The range of cyber threats has increased at an alarming rate during the last decade.

We conduct more of our business – both professional and personal – online than ever before and in doing so disclose sensitive information which may be intercepted.

Responsibility to manage these exposures can no longer be left to the IT department, but rather rests with the Executive to ensure that robust risk management procedures are in place. When TJ Maxx made payments of just under US$10m to customers who had their credit card details misappropriated by criminals during 2005/06, this was just the beginning. A shareholder derivative action followed alleging the company had failed to properly address the issue of cyber risk despite assurances having been made to shareholders at an earlier AGM by the Executive. The action was successful.

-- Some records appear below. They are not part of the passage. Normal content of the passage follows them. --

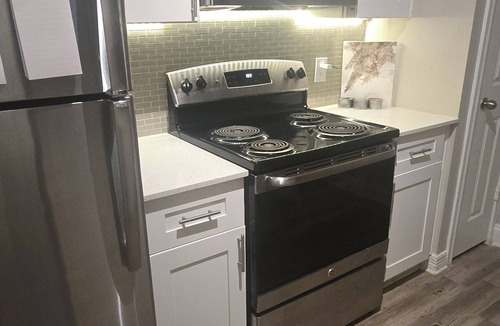 Vinings Apartment | ​Ultimate Convenience: Spacious 1BR in the Heart of Cumberland
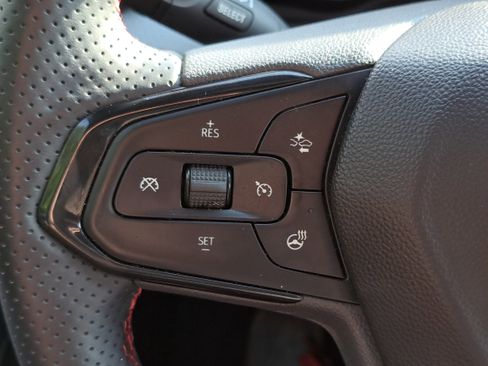 Used 2024 Chevrolet Trax RS w/ Sunroof Package image 17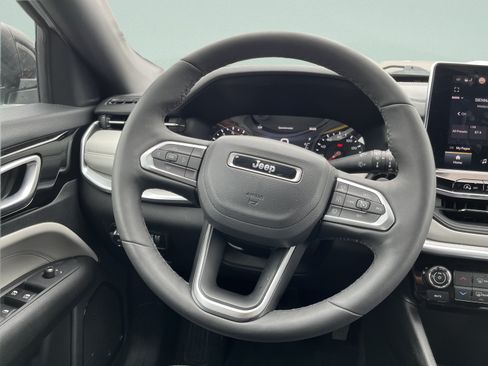 Used 2025 Jeep Compass Limited AWD/4WD image 25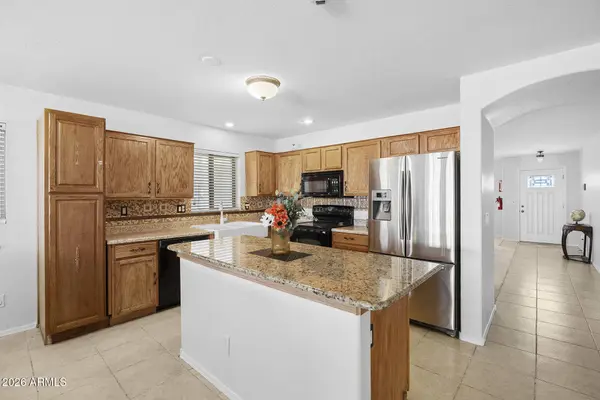 1773 E CARDINAL Drive, Casa Grande, AZ 85122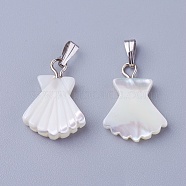 Shell Pendants, with Brass Findings, Scallop Shell Shape, Platinum, 17.6~18x13x2.8~3.5mm, Hole: 1.5~2.5x5~6mm(SSHEL-E571-13P)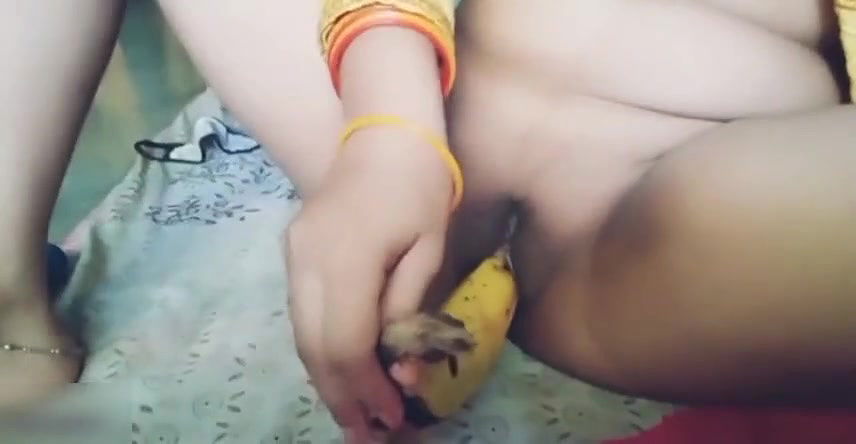 Chut me banana duka rahe hai xxx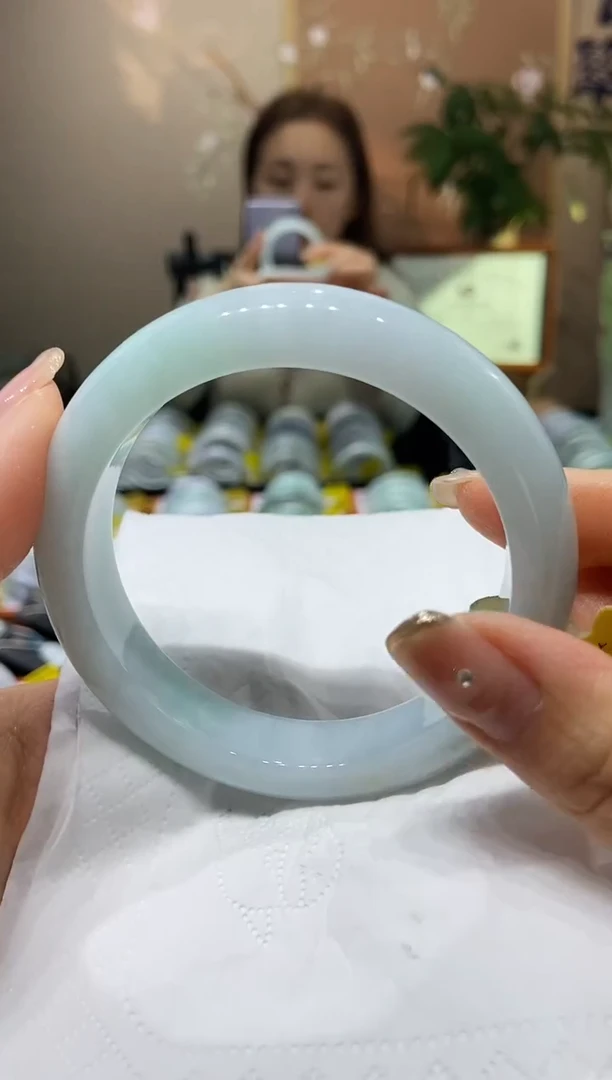 【闪购商品】翡翠手镯未镶嵌60圈口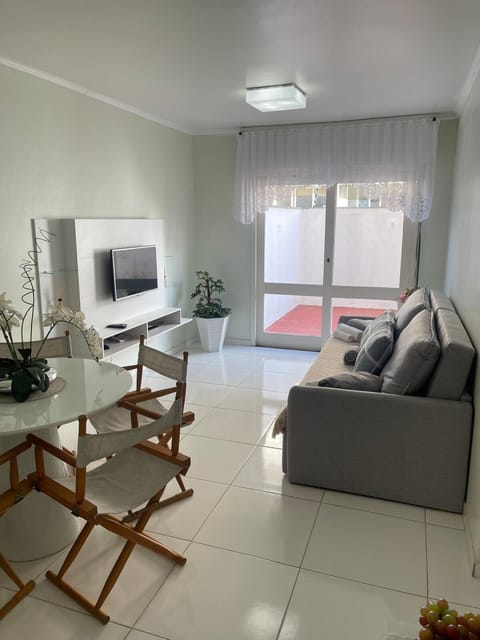 Communal lounge/ TV room, TV and multimedia, Living room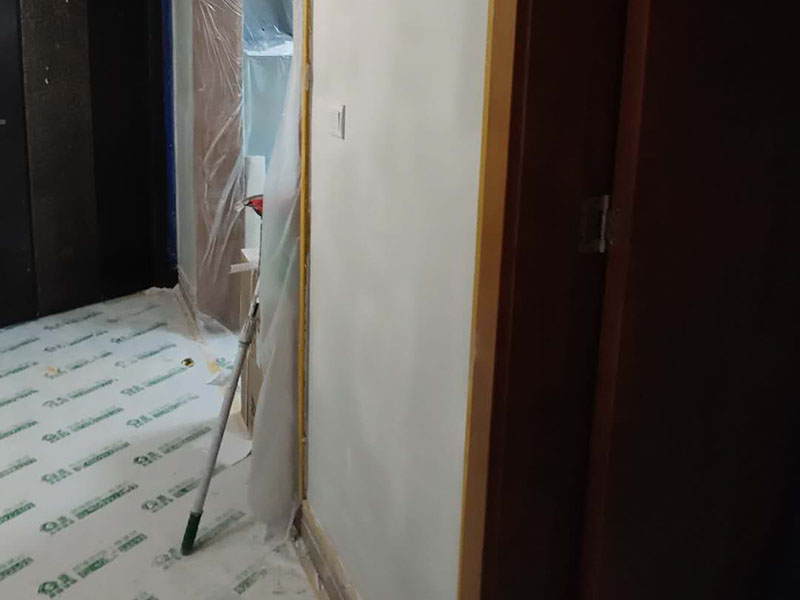 全屋墻面翻新：舊墻的基本處理bai包括清理舊墻面原有的乳膠du漆和膩子層的鏟除、木zhi裝修、其他表面裝飾物（如壁紙）的拆除，如果只是裝修了一兩年的墻面，墻面的膩子可以不用鏟除，用鋼刷和砂紙打磨墻面后就可以重新涂刷乳膠漆，如果裝修時間較長的就需要將膩子層鏟除后再進(jìn)行后續(xù)工序。切記舊墻面一定要進(jìn)行處理，不能直接涂刷，粉化嚴(yán)重的墻面要鏟除后，抹上一層白水泥，再進(jìn)行涂刷。 墻面涂刷底漆的作用是抗堿防潮、封固基材、保護(hù)面漆，提高面漆的質(zhì)感和遮蓋力。如果沒有刷底漆就直接上面漆的話，時間一長墻面就容易起泡、發(fā)霉，經(jīng)陽光長時間照射也會發(fā)生墻面變色的情況。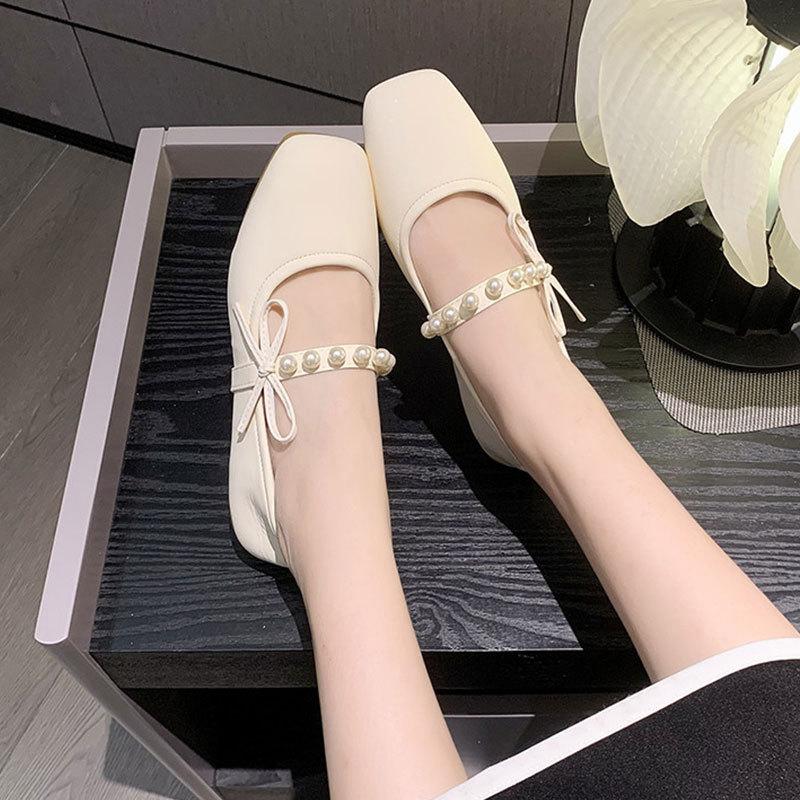 Mary Jane single shoe girl 2025 new spring and autumn flat bottom evening fairy wind gentle with skirt soft sole small leather shoes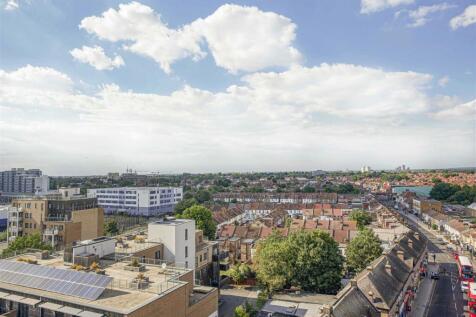 High Street, Hounslow 2 bed apartment for sale
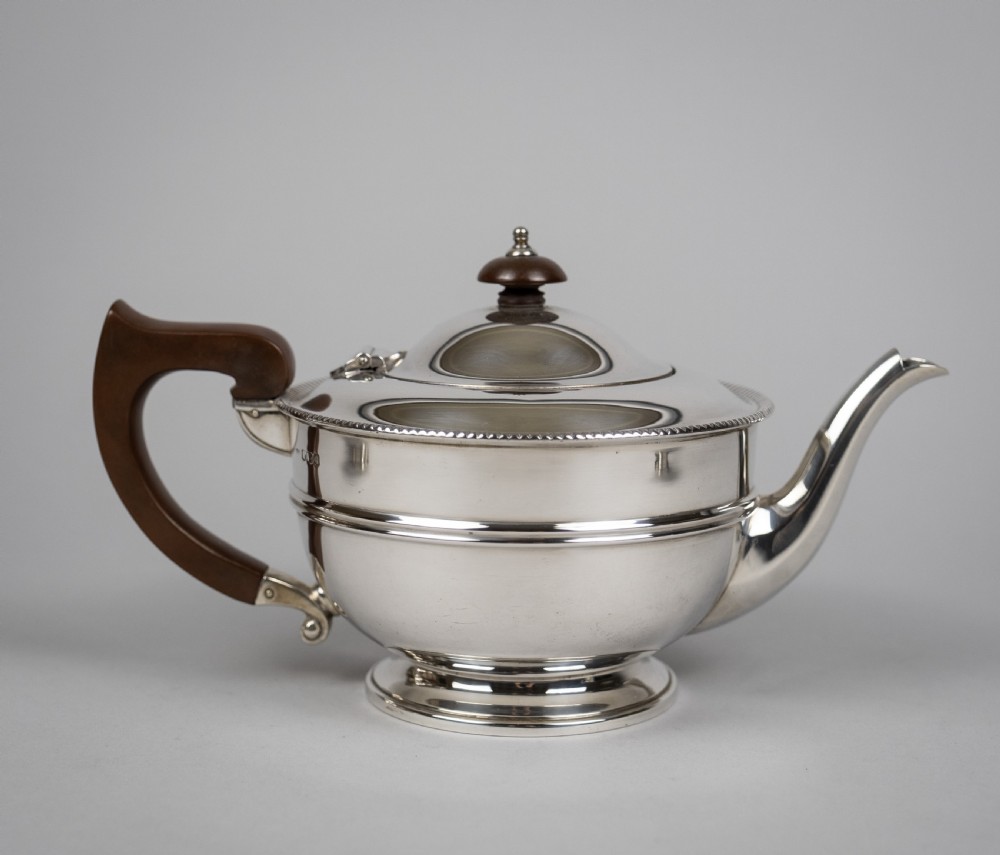 Sterling Silver Teapot & Set by Mappin & Webb, Sheffield, 1931. View V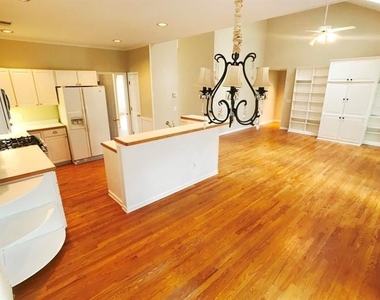 377 Fairbrook Circle - Photo Thumbnail 10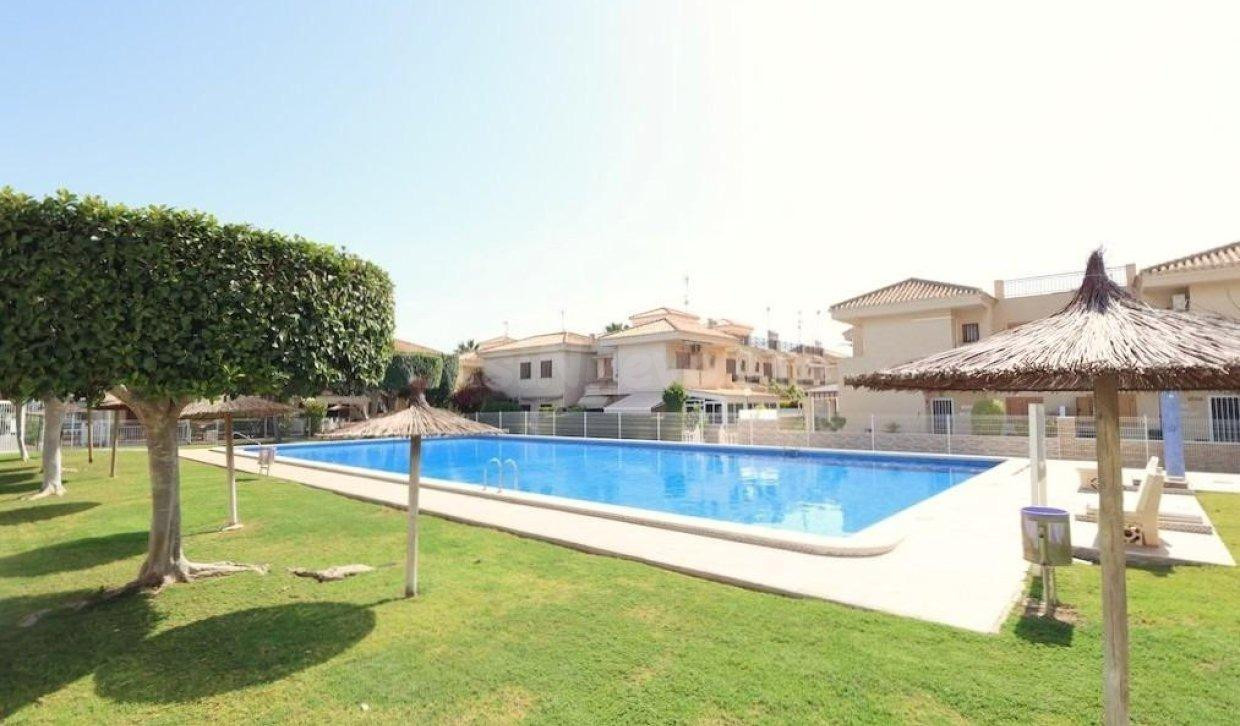Bonito apartamento a 10 minutos del mar en Playa Flamenca!!!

Anyone who holds personal information is at risk, regardless of the size of their operation. Whilst awareness of cyber threats is increasing due to the recent much publicised breaches, the uptake of an insurance policy to assist in managing this risk is still slow in comparison. Smaller companies think “It won’t happen to me” as they see that global companies and financial institutions as prime targets. The reality is far from this. SMEs are targets of opportunity as they tend to have less robust security systems and are unlikely to have audited disaster or incident response initiatives. During the last year alone Australian retailer Endless Wardrobe was unable to operate for a week when hackers launched a denial of service attack when they failed to pay the $3,500 asked of them which resulted in loss of revenue and customers, according to InformationWeek. Medical practices in Queensland have also suffered similar threats.